─── Data under study
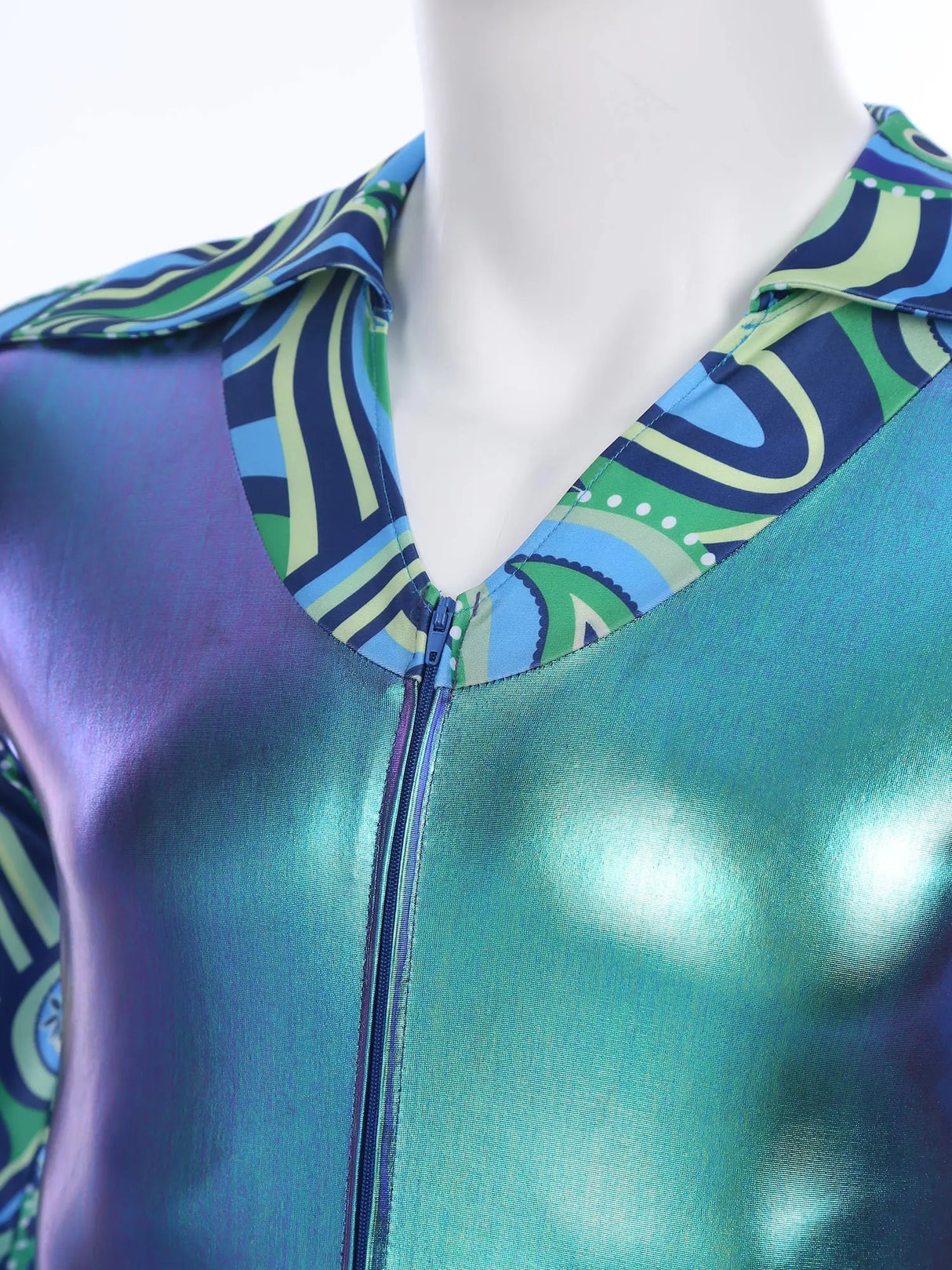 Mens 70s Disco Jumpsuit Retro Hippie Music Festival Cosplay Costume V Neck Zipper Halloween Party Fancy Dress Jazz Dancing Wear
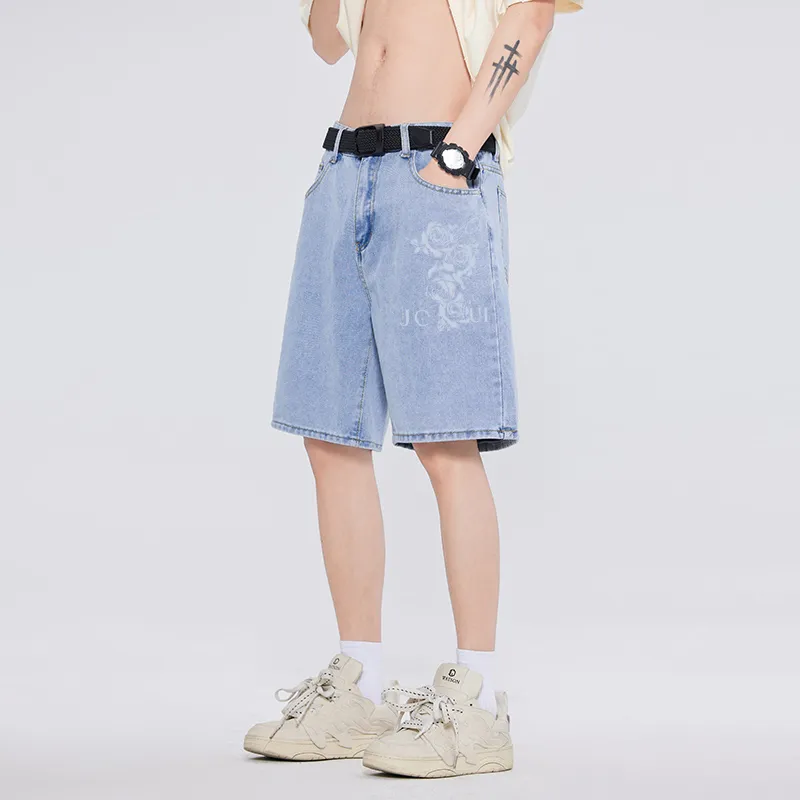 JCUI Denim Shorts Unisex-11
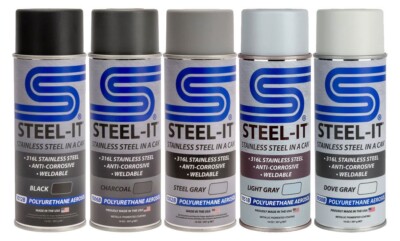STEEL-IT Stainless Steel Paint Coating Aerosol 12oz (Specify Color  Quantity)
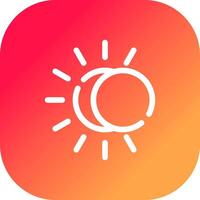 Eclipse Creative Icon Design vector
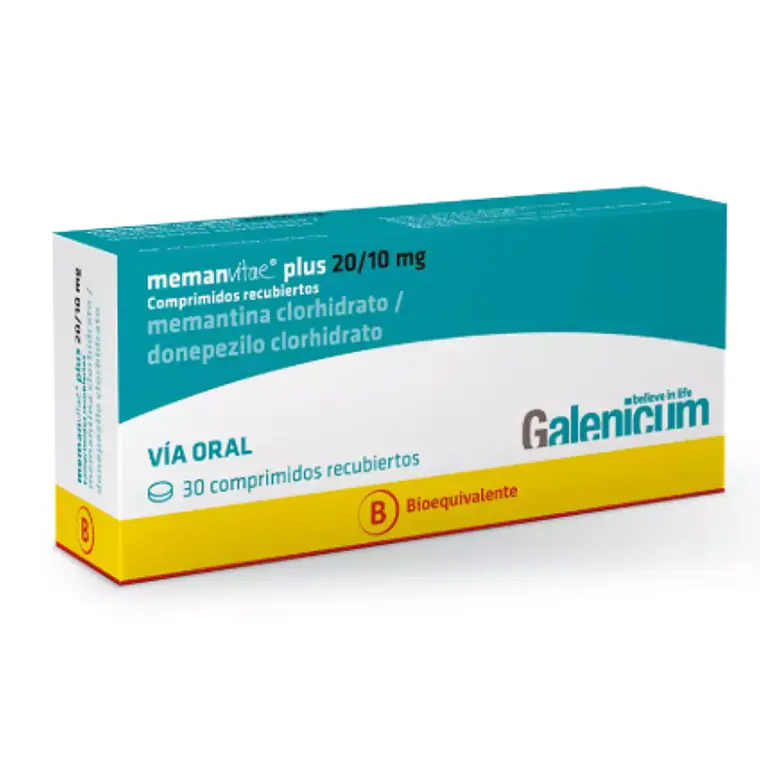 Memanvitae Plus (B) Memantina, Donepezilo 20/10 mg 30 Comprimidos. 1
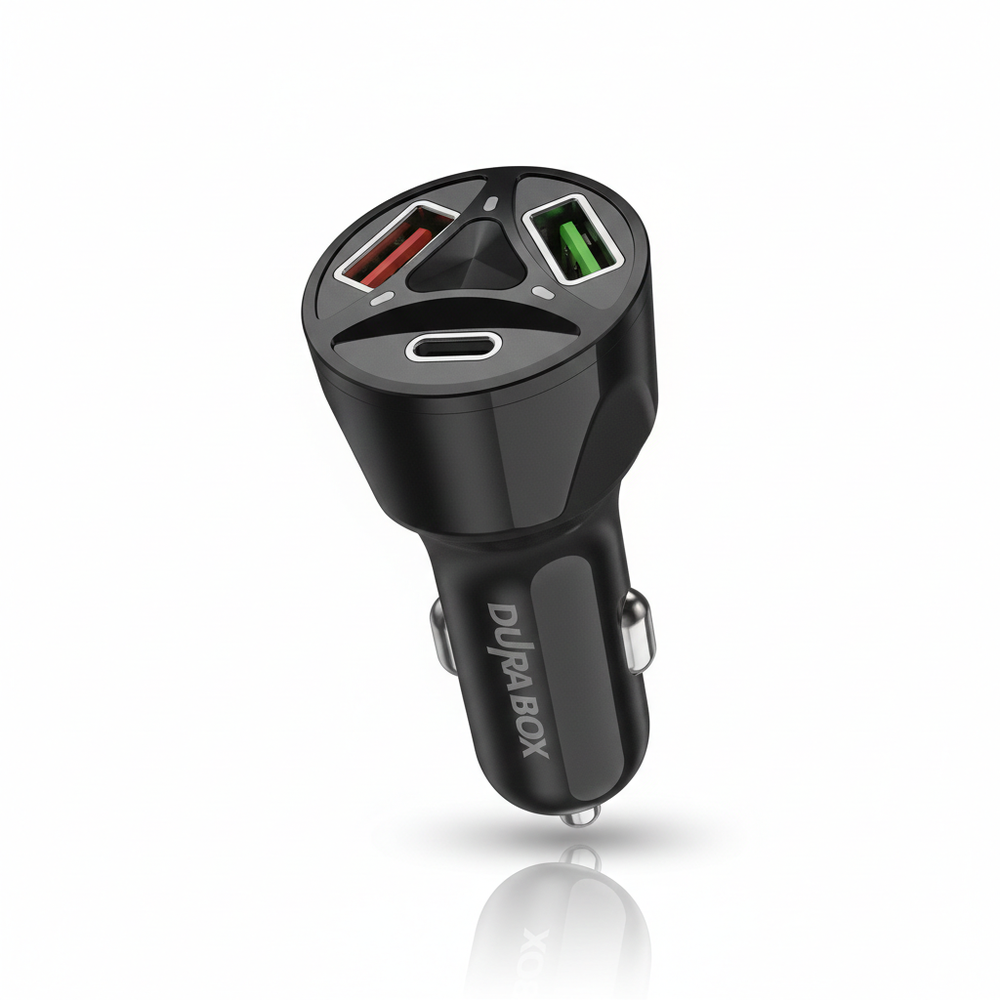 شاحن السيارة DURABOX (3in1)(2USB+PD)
──────
What the exercise asks = Nothing but the lines from the one that contains "Memanvitae Plus (B)" through the last line of the records belongs in the answer, reproduced exactly, with no pictures.

Exercise response =
 Memanvitae Plus (B) Memantina, Donepezilo 20/10 mg 30 Comprimidos. 1
 شاحن السيارة DURABOX (3in1)(2USB+PD)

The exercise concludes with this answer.